On Saturday, September 17th and Sunday, September 18th, the 24 Hours of Europe racing championship took place in Verona (Italy), with 137 men and 99 women competing, and 21 countries participating in the men’s team event.
Patrycja Bereznowska from Poland and Aleksandr Sorokin from Lithuania are the European Champions of the competition. Patrycja completed 256.2 km and Aleksandr Sorokin set new IAU World Records (requires ratification) with 319.6 km. Aleksandr Sorokin bested his previous 24-hour record from 2021, when he ran 309.4 kilometres in 24 hours, beating the legendary Yiannis Kouris‘ 1997 record of 303.3 km.
The competition in Verona takes place on a 1.526 km long track. In the first four hours, Sorokin ran almost 60 km and was more than 6 km ahead of the closest competitors. Sorokin averaged a 4:30/km pace over the 24-hour period.
Two more Lithuanians, Ruslanas Seitkalijevas and Andrius Preibys, also started in the European 24-hour running championship, and participated in the men’s team event. The Lithuanian team came in second, running 817.9 km, while the Polish team came first with 825.5 km.
Over the last seven years Sorokin has worked his way to the top of the international 24-hour contest, with what Canadian Running calls his “fast-starting style and never-say-die attitude”. In recent years his work has clearly started to pay off with record after record being broken. In 2019, Sorokin had his breakout performance when he ran 278.972 km at Albi, France, to take the world championship.

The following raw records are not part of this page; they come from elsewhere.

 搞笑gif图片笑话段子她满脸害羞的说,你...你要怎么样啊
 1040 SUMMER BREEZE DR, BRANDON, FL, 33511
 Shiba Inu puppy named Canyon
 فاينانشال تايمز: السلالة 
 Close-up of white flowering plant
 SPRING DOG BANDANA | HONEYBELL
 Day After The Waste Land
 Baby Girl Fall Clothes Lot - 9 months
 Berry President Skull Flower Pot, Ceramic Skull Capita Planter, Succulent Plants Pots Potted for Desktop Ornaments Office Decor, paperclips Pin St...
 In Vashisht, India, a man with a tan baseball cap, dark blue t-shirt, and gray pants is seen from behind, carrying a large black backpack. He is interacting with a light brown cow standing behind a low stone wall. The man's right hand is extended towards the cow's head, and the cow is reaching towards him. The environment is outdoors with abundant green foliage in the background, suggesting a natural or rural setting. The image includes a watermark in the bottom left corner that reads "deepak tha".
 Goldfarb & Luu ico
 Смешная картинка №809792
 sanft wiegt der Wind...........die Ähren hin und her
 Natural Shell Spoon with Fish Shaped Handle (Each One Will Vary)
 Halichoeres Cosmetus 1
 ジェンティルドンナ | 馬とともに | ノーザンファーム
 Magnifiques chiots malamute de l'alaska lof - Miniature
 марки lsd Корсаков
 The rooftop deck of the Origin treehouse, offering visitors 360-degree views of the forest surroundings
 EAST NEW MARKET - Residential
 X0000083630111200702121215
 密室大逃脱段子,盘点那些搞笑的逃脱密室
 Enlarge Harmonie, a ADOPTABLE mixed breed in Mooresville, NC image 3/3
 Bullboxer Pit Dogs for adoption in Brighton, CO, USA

Sorokin, 41, didn’t start running until 2013, when he was 32. “I began running to get in shape when I weighed 100 kg (220 lb.). At the time I wasn’t playing any sports, just drinking and smoking a lot.” He knew he needed a lifestyle change. “Then I just began running,” he says. “The thing about running is you can do more than you think you are capable of,” Sorokin says. He is motivated by the unlimited challenges in the sport and inspired by the running community. “I hope that my journey has inspired others to chase their goals.”
Sorokin fuels with a mix of water, electrolyte drinks, and Coke, and consumes about 400 calories per hour from a variety of gels, chips, cookies, and candy. “It’s a synergy between the physical and mental states of your body and your mind,” Sorokin said of his mind-boggling performances. He emphasizes the importance of both physical and mental preparation for ultradistance events, particularly through the mentally taxing night portion of longer races. Sorokin currently holds seven world records: the 6-hour record of 98.5 km, 100K (6 hours, five minutes), 100 miles (10 hours, 51 minutes), 12 hours (177.4 km) and the new 24-hour record.